§ **Exercise details**: A verbatim repeat of the lines below is required, with the pictures removed.
** Supplied data follows **
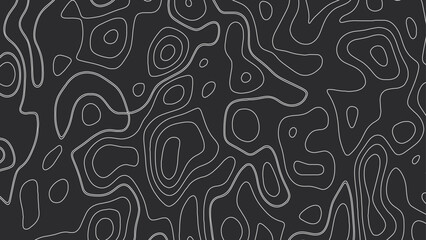Topographic map pattern background vector. Abstract mountain terrain map background with abstract shape line texture. Design illustration for wall art, fabric, packaging, web, banner, wallpaper.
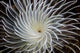 Detail Feather Duster Worm Wall Decal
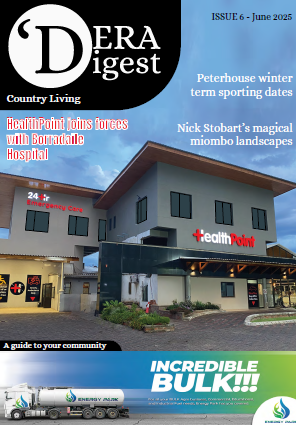 DDM Issue 6
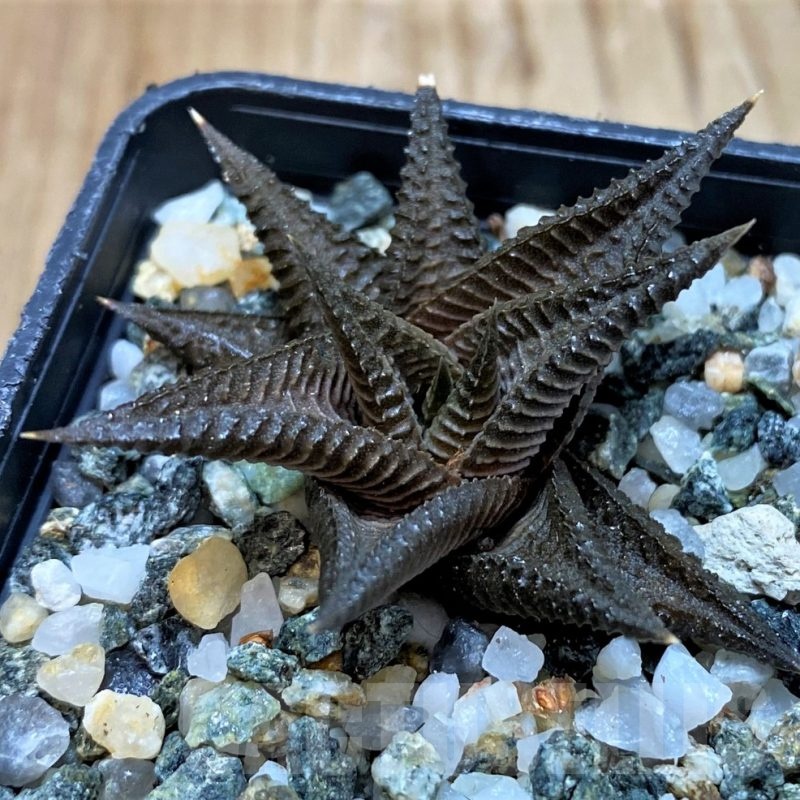 SH23079 Haworthia limifolia 'Bamberton'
** End of Supplied data **
§ **Answer section**:
Topographic map pattern background vector. Abstract mountain terrain map background with abstract shape line texture. Design illustration for wall art, fabric, packaging, web, banner, wallpaper.
 Detail Feather Duster Worm Wall Decal
 DDM Issue 6
 SH23079 Haworthia limifolia 'Bamberton'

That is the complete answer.